へいせいグループ 環境保全や食料危機へ備え
総合建設業「へいせい」のグループ会社「土の恵み農園」(楢崎利弘代表)は、糸島市飯原の中山間地などにある耕作放棄地を活用し、米作りを行っている。この取り組みは、「異常気象や災害が起きた際、社員が食料に困ることがないように」との思いから、食料危機への備えとして2014年自社所有の耕作放棄地でスタート。その後、後継者がいない水田での耕作も行い、里山の環境保全につながる地域貢献となっている。
当初は約0.6ヘクタールの水田に手植えし、「稲と雑草が区別できないくらい」の栽培技術だったが、周囲の農家からの助言を得ながら徐々に技術を磨き、できるだけ農薬の使用を控え、精米までを一貫して行う。昨年からは、市内で出る有機汚泥を利用した堆肥を使うなど、地域内での資源の循環にも配慮している。
農地の面積も拡大させ、昨年は、約3.9ヘクタールの水田で約10トンの米を収穫、グループ企業の社員に販売するなどしている。グループ企業内には、介護施設や給食事業の会社もあり、まずは30トンの収穫を目指す。
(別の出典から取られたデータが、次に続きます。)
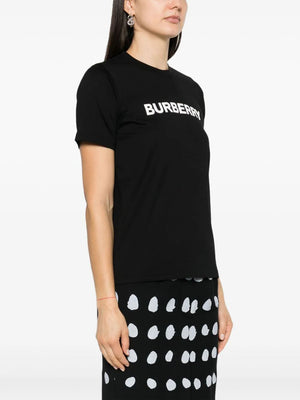 Women's Black Burberry Logo T-Shirt - Short-Sleeved Crewneck Cotton Tee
栽培面積拡大にあたっては、後継者のいない高齢農業者から農地を託されることも増えており、地域とのつながりが深まっている。
飯原地区の農区長、兼松康さんも「米づくりのための水路の整備や草刈りなど共同作業にも協力してくれており、助かっている。やぶになっていたところがまた田んぼになり、周辺へのイノシシ等の被害対策にもなっている」と話す。
10日には今年の稲刈りが行われ、楢崎さんは「今年も猛暑が続いたが、山からの清流と寒暖差のおかげで、まずまずの出来」と笑顔で語った。